このような進歩を実現する鍵として、ファン氏はGPT-3のようなAIドリブンのテクノロジーに言及する。GPT-3(Generative Pre-trained Transformer 3)は最新の自然言語処理モデルで、ディープラーニング(深層学習)を活用し、あたかも人間が書いたような文章を自動で生成することができる。ファン氏によると、GPT-3であれば、「人間の思い通りに反応させられる。AIが人間のように語りかけてくるさまは、ほとんど不気味にさえ感じるほどだ」という。
メディア業界のデータ領域と好相性
AI技術は、メディア業界のデータやアナリティクス領域と相性が良いようだ(ファン氏によると、バイイングやプランニングの領域には、AI技術に対する漠然とした忌避感があるといい、同氏はこれを「メディア業界のコンプレックス」と呼んでいる)。メディアエージェンシーのクロスメディア(Crossmedia)でマネジングパートナーを務めるリー・ビール氏によると、同エージェンシーのデータ部門であるレッドボックス(Redbox)では、機械学習をアトリビューション測定や予測モデリングに活用しているという。その用途はたとえば、ユニバーサルIDから集める大量のログデータを処理する場合や、クライアントのファーストパーティデータを用いて、LTVの向上や解約防止のためのモデリングなどが挙げられる。
米DIGIDAYによるメール取材でビール氏は、「観測結果が蓄積されるにしたがって、AIの予測性はさらに向上する」と述べている。

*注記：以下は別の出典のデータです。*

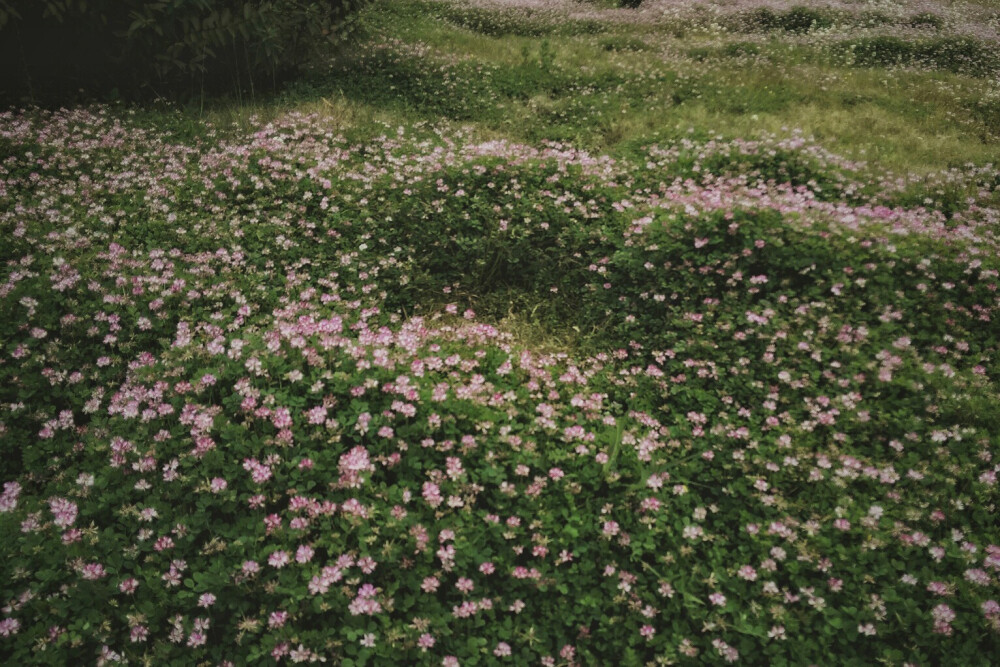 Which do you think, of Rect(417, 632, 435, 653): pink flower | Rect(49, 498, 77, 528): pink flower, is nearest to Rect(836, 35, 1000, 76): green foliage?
Rect(417, 632, 435, 653): pink flower

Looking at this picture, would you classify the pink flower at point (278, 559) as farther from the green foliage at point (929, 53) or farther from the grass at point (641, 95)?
the green foliage at point (929, 53)

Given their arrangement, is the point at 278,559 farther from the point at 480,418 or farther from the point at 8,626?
the point at 480,418

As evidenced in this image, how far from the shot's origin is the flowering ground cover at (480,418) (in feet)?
10.0

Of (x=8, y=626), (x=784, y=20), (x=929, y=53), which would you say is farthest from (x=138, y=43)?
(x=929, y=53)

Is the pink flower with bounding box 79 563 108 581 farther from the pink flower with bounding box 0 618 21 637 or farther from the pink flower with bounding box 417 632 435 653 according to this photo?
the pink flower with bounding box 417 632 435 653

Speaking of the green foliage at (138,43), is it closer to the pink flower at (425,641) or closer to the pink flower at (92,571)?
the pink flower at (92,571)

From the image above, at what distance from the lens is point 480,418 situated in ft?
13.1

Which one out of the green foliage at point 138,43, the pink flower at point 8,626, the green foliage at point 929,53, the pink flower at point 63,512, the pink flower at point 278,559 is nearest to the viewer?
the pink flower at point 8,626

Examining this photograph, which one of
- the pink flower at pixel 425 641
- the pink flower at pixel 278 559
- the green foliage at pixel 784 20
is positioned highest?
the green foliage at pixel 784 20

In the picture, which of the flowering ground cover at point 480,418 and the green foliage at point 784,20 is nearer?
the flowering ground cover at point 480,418

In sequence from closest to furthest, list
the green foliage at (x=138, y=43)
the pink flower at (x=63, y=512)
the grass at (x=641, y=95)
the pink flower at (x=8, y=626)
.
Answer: the pink flower at (x=8, y=626)
the pink flower at (x=63, y=512)
the green foliage at (x=138, y=43)
the grass at (x=641, y=95)

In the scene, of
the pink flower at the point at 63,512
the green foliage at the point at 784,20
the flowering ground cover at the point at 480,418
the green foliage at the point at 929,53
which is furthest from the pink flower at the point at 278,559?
the green foliage at the point at 784,20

なおレッドボックスは、クリエイティブの使用と実行の最適化にも活用されている。ビール氏によると、「結果を出せる要素を抽出する」のが狙いだという。「この作業には、複数のAIプラットフォームが関与している。静止画や動画のクリエイティブを物理的な要素と情緒的な要素に分けたり、それをさらに膨大な量のパーツに分解したり、スコアを生成したり、実際の結果に照らしてモデリングを行うなどの作業を処理している」。
新たな知見の掘り起こしにも
クライアントのための新たな知見の掘り起こしに、外部のAI企業を活用するケースも見られている。たとえば、ヘリクサ(Helixa)は、従来的な調査会社とソーシャルリスニングツールのベンダーの中間に位置するAI企業で、エージェンシー(ヴェイナーメディア[VaynerMedia]、ロクサ[Rauxa]、VMLY&Rなど)のみならず、企業(社名は非開示)にAI関連のSaaS製品を提供している。ただしヘリクサは、パネルやアンケート調査ではなく、実際の行動分析から、複雑なパターンや関係性を特定する点において、従来の調査会社とは一線を画する。

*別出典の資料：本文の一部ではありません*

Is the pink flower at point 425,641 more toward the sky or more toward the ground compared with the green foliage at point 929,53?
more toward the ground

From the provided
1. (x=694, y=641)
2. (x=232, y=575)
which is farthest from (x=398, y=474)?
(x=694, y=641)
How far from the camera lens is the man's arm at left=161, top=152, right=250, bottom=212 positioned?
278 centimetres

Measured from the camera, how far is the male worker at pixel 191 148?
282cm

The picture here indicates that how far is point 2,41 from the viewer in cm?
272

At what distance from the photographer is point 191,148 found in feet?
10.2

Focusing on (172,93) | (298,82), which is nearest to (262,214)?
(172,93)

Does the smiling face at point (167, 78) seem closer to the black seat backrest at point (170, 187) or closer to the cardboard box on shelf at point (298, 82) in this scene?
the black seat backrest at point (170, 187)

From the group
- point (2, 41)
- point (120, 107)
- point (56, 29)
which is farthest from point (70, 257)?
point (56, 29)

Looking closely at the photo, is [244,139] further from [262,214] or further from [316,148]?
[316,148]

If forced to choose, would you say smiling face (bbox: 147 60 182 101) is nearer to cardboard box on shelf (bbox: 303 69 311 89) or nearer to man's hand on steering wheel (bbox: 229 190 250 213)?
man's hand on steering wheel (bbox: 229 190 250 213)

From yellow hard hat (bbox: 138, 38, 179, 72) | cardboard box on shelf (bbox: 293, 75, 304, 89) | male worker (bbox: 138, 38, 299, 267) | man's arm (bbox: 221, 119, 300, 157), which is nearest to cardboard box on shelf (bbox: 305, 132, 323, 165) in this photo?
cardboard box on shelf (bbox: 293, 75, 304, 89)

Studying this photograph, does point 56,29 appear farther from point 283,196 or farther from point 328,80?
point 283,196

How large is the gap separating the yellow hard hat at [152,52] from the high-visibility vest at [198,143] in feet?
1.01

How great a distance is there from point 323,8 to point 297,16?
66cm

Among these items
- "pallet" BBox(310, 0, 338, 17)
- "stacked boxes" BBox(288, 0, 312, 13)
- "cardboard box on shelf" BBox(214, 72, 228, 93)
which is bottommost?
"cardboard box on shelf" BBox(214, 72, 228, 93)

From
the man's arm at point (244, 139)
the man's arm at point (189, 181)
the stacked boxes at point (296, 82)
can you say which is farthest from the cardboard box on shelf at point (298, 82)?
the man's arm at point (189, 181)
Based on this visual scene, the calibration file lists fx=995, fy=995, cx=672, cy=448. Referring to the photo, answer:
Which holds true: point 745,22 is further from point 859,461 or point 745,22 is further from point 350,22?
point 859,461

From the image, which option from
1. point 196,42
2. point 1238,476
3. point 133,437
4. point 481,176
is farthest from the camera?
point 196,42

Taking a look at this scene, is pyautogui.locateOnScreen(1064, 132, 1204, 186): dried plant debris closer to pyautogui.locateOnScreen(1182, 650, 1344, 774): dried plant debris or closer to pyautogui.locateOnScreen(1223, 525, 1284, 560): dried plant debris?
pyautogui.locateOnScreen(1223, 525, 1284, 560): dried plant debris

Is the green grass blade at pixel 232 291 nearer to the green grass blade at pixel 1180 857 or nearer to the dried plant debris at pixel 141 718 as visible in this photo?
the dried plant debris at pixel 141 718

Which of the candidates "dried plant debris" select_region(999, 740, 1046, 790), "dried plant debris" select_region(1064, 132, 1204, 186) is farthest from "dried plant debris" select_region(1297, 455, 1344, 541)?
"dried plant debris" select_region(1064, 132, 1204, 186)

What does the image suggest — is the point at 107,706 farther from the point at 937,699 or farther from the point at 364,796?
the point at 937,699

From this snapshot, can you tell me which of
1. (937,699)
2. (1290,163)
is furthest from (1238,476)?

ヴェイナーメディアのマーケティング担当バイスプレジデント、ライア・ペシェット氏によると、エナジードリンクの発売を計画しているある飲料メーカーの案件で、ヘリクサの製品を活用してターゲット顧客の検討を行ったところ、「50歳以上の活動的な男女」というセグメントを割り出したという。この層は、10代のゲーマーをターゲットにしがちな同社の競合他社であれば、見向きもしない人々だ。

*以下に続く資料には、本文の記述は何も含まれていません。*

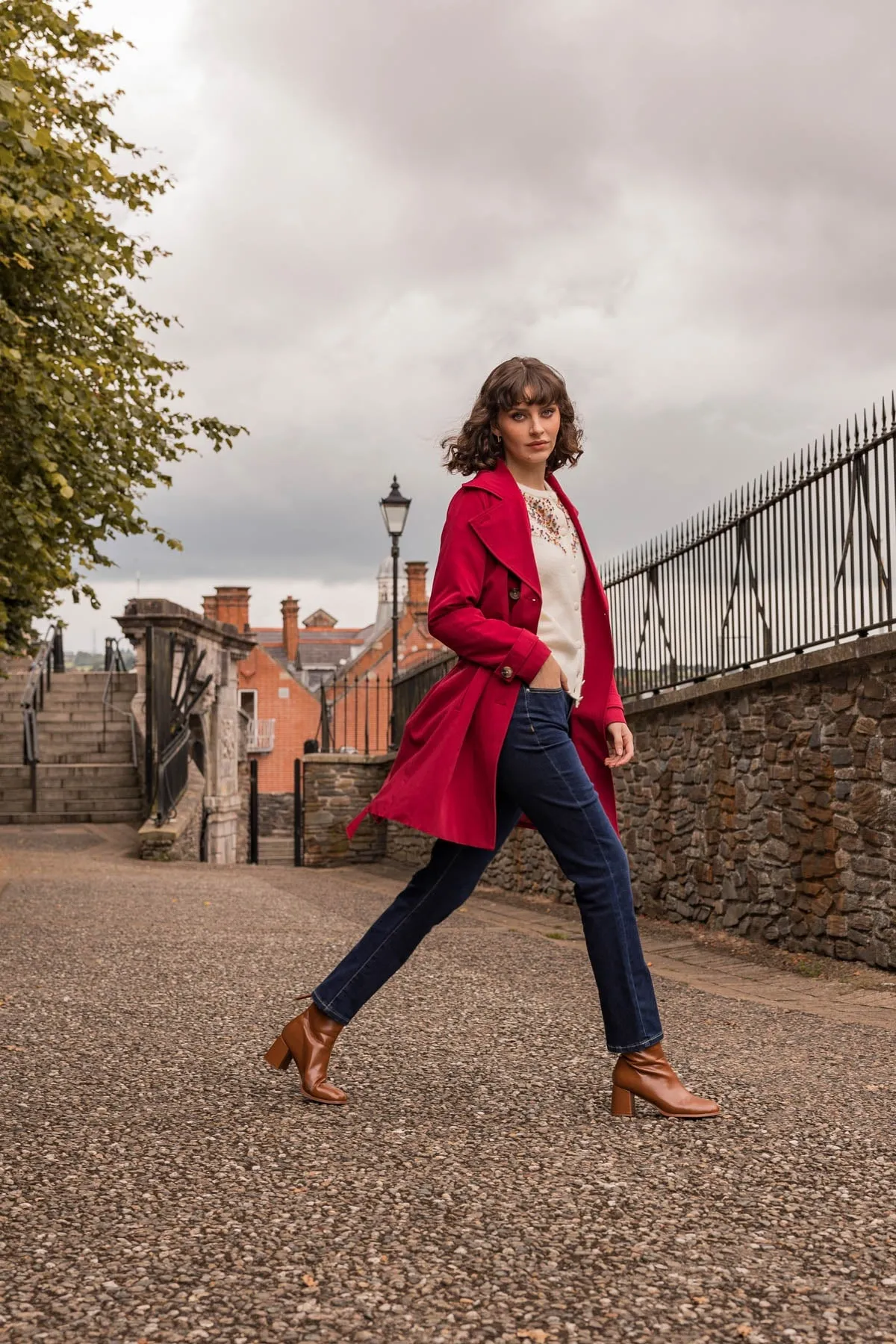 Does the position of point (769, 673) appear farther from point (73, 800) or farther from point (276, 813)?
point (276, 813)

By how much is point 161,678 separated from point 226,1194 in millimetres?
18281

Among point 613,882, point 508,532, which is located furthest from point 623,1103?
point 508,532

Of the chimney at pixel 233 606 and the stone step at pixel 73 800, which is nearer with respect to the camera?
the stone step at pixel 73 800

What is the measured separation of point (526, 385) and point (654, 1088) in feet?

また、ヘリクサの成長担当バイスプレジデント、クリスティン・バーク氏によると、ベーカリー製品の発売を検討していた消費財メーカーの案件では、健康志向の強いヴィーガンのキャンペーンよりも、ドーナツが大好きなインフルエンサーを起用して、デザイン性の高いキャンペーンを展開すべきという答えを導き出したという。「成功につながる、有効な選択肢をデータで示すことができる」。
コスト面に課題
一方で、AIの導入にはそれなりのコストがかかり、決して万人向けのソリューションではない。現に、クロスメディアのビール氏も、「時間、ノウハウ、人材など、多大な投資が必要だ」と認めている。「メディアバイイングやアナリティクスの領域で、大量のデータを処理できるなど、明確な投資対効果を示さなければならない。結局のところ、高度なAIソリューションを導入するにしても、クライアントがそのメリットを理解できなければ意味がない。未加工のデータに眠るビジネスチャンスと無駄を見分けられるクライアントでなければ、理解は難しいだろう」。
とはいえ、AIがこの業界で活用される未来は、すぐそこまで来ている。試行錯誤を重ね、ナレッジを蓄えるならいましかない。さもなくば、いずれライバルたちの後塵を拝することになると、シェアスルーのファン氏は警告する。「テクノロジーの歴史を見てみるといい。これまでも新しい技術が登場するたびに、はじめのうちは『こんなテクノロジーは世界を破滅させる』といった声が聞かれてきた。しかし、いつの間にか誰もが普通にそのテクノロジーを使うようになる。AIに関しても、同じことがいえる」。
[原文:Media Buying Briefing: Artificial intelligence ‘is gonna ruin the world… and then we adapt’]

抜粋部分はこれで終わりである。